Before they became the Santa Cruz Dynamical Systems Collective, they were Eudomaenic Enterprises. (There is a book about this effort, The Eudomaenic Pie.) They set out to, and succeeded, in developing a system to beat roulette wheels in Las Vegas. This involved carrying portable computers and a mechanism to measure subtle vibrations of the tables. However, despite a couple of successful trips in which they beat the House by 20% on average, they could not make serious money due to casino security people catching on to them. Some of this would feed into the main company that Farmer founded, with Packard in tow, the Prediction Company, that did financial market investing. He sold it in 1999 to the Swiss bank UBS. He has formed or been involved in several other companies since. I have long found it interesting that while people often say to economists, "If you are so smart, why aren't you rich?" this dictum is taken seriously by the more serious econophysicists, including Didier Sornette and Jean-Philippe Bouchaud, who have also done very well with their own trading companies.
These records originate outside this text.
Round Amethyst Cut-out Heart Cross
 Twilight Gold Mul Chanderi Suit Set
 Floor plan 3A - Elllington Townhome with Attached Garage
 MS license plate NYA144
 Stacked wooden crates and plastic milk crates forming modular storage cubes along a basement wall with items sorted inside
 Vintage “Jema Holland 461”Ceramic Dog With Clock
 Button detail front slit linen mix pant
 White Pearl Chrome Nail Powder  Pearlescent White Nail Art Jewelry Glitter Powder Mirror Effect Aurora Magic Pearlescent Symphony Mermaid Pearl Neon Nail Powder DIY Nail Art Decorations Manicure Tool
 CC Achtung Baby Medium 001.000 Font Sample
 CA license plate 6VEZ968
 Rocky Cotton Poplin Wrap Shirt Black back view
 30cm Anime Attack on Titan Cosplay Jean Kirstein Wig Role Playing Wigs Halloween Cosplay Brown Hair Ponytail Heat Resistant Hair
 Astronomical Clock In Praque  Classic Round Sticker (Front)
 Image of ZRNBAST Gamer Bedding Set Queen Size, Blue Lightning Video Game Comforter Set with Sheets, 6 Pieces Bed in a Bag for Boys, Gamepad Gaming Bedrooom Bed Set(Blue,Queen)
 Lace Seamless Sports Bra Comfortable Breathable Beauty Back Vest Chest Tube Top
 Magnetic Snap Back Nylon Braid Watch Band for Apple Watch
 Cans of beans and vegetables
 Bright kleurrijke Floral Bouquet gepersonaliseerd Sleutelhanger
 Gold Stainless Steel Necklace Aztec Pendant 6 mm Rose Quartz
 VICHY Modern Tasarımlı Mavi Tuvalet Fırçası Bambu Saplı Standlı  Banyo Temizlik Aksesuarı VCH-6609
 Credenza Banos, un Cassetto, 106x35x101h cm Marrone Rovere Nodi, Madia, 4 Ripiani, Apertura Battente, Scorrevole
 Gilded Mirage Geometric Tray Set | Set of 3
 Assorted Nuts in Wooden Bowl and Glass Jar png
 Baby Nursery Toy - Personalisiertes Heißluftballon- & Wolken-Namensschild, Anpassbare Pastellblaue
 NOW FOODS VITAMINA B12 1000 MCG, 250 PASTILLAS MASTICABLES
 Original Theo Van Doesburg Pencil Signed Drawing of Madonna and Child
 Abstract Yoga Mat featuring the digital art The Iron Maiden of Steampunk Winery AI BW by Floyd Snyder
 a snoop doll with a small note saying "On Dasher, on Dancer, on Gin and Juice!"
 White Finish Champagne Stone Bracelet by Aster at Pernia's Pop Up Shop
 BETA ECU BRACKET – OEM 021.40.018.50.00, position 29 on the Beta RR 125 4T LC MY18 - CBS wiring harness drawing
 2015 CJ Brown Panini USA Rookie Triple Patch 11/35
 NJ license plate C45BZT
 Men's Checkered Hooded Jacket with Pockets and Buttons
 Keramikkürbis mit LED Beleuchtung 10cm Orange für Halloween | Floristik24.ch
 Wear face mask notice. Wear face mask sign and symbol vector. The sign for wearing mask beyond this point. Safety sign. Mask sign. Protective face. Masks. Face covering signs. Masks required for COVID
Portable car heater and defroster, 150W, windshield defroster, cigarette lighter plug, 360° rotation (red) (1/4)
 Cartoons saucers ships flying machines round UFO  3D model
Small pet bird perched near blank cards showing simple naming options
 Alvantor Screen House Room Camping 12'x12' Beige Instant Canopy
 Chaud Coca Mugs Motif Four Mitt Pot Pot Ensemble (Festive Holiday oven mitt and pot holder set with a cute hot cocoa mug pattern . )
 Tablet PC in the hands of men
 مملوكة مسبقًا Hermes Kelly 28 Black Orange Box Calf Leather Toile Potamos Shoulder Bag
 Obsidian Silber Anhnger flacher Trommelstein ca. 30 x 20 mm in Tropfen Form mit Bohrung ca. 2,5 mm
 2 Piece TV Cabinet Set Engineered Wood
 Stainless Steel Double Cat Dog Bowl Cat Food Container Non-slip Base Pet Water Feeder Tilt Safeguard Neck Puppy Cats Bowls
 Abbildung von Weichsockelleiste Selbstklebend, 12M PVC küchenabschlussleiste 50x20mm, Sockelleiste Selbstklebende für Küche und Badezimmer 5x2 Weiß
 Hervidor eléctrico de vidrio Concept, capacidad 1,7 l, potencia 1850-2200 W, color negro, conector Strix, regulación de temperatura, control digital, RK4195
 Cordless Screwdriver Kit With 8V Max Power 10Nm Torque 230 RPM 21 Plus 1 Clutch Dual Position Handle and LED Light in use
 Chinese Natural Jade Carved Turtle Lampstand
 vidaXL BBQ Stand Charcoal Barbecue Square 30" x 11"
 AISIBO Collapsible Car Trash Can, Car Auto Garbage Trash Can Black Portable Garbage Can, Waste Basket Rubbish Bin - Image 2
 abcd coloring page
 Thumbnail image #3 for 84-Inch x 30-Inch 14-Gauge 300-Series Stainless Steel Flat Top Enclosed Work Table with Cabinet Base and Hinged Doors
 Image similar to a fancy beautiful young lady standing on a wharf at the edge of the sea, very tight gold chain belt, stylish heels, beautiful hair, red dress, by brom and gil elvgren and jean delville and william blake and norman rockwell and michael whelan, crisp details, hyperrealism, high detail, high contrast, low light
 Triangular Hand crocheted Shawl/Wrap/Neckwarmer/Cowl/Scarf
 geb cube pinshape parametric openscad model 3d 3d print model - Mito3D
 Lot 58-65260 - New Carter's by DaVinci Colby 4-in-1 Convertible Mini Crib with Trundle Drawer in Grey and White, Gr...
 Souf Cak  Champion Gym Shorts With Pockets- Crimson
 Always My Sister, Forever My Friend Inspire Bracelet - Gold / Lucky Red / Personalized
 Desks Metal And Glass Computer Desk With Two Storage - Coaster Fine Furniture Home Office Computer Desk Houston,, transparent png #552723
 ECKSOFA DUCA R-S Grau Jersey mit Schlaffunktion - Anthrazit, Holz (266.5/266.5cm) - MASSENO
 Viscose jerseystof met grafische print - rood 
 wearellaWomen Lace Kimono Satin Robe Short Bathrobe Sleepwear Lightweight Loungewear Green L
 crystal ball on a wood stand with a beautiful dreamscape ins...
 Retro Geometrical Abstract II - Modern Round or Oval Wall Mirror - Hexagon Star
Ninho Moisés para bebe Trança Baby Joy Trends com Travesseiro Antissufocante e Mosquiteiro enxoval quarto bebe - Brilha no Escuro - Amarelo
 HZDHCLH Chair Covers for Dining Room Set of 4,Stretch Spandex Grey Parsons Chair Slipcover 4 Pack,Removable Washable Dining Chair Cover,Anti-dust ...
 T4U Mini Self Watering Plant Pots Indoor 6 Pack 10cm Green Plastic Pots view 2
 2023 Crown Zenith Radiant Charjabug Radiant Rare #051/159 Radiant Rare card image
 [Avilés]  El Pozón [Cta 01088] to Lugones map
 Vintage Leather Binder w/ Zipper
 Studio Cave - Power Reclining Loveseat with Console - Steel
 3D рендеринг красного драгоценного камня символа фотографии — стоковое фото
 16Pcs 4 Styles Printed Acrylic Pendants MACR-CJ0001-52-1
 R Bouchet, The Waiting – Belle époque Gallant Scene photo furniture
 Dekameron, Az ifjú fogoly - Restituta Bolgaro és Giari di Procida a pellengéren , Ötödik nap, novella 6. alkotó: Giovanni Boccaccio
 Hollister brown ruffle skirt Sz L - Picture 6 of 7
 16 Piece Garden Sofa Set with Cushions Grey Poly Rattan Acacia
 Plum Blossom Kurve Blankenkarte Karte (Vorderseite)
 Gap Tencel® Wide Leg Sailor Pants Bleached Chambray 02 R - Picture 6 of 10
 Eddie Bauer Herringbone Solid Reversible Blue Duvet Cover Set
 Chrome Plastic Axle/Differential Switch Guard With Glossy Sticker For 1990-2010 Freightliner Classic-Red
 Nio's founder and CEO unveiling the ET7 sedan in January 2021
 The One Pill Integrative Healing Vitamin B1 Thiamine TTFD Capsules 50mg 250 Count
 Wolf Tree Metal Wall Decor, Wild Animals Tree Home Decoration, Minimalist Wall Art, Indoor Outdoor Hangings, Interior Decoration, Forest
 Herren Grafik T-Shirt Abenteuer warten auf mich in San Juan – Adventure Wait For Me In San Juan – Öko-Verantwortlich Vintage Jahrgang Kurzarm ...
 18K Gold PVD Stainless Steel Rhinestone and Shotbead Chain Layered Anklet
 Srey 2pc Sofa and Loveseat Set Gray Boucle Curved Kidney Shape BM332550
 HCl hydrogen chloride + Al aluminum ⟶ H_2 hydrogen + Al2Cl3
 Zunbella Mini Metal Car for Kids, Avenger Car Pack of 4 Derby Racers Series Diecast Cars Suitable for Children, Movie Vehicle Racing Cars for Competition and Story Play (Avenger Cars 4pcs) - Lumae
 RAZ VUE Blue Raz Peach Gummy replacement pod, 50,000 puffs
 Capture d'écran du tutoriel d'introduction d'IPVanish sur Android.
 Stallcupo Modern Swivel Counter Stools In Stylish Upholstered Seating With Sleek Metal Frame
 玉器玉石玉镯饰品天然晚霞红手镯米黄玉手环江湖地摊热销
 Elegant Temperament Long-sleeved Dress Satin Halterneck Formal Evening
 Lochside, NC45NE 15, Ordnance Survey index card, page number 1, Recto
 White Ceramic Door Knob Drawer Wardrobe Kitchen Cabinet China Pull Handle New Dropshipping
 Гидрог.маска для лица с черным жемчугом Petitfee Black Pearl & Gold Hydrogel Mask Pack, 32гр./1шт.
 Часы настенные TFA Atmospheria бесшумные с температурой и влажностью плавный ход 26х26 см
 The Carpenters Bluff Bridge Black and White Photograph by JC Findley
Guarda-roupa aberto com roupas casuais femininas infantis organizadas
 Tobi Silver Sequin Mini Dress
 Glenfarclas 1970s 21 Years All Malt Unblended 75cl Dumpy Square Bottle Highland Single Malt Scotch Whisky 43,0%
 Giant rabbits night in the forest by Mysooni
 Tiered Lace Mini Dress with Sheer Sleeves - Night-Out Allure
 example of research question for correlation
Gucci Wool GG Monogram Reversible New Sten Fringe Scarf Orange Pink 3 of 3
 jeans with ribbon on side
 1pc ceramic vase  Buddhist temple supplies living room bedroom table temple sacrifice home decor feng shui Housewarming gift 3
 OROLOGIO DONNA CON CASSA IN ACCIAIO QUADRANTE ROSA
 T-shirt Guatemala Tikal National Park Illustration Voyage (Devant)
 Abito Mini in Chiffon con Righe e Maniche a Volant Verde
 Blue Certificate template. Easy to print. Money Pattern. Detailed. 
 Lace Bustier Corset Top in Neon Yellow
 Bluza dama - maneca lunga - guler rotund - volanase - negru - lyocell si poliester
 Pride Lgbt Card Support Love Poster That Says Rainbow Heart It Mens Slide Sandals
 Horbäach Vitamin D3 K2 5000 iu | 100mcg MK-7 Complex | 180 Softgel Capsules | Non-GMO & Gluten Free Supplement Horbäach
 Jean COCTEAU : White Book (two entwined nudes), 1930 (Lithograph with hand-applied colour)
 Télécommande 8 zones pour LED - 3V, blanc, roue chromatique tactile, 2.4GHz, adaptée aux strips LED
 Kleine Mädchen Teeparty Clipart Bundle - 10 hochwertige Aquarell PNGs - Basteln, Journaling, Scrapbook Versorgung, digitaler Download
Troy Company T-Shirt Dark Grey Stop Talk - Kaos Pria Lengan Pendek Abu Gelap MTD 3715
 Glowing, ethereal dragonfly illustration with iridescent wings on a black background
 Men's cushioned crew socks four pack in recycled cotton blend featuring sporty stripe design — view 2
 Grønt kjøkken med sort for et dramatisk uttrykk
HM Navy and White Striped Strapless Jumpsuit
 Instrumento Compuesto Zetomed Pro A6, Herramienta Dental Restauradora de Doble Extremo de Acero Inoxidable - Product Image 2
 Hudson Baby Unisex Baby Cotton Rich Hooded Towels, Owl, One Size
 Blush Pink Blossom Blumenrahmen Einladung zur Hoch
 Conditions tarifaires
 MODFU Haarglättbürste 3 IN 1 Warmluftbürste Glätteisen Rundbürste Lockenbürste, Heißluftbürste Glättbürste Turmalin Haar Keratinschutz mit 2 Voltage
They had two professors who abetted their efforts and helped them get through UCSC to their PhDs, although at the time the physics department at UCSC really did not know how to handle them or fully appreciated what they were up to. The main person who got them through their dissertations was Michael J. Burke, who had been a student of Richard Feynman at Cal Tech and had some interest in nonlinear dynamics. He died in 1996.
However their main intellectual mentor was a math professor, Ralph Abraham, now 82 years old and emeritus at UCSC, one of the giants of the field of nonlinear dynamics, chaos theory, and complex systems, still active. He coined the terms "chaotic hysteresis" and "chaostrophe," among numerous other ideas, with his work influencing mine more than any of these others. He was very into visualizing through computer simulations multi-dimensional strange attractors, and some of those he discovered/invented have ended up on tie-dye t-shirts. He looks like Jerry Garcia, and more than any of these others he is the one with the most serious Big Sur and counterculture connections, with these being encouraged by his even hipper brother, Fred, who wrote Chaos Theory in Psychology and runs the Blueberry Brain Institute in Vermont. I know and deeply respect both of these brilliant and innovative intellectuals. In any case, it may be that with his array of interests and discoveries and influence, Ralph Abraham may be the central figure in this weird but creative confluence of Big Sur and Silicon Valley that came to fruition in the late 1970s and early 1980s in Santa Cruz.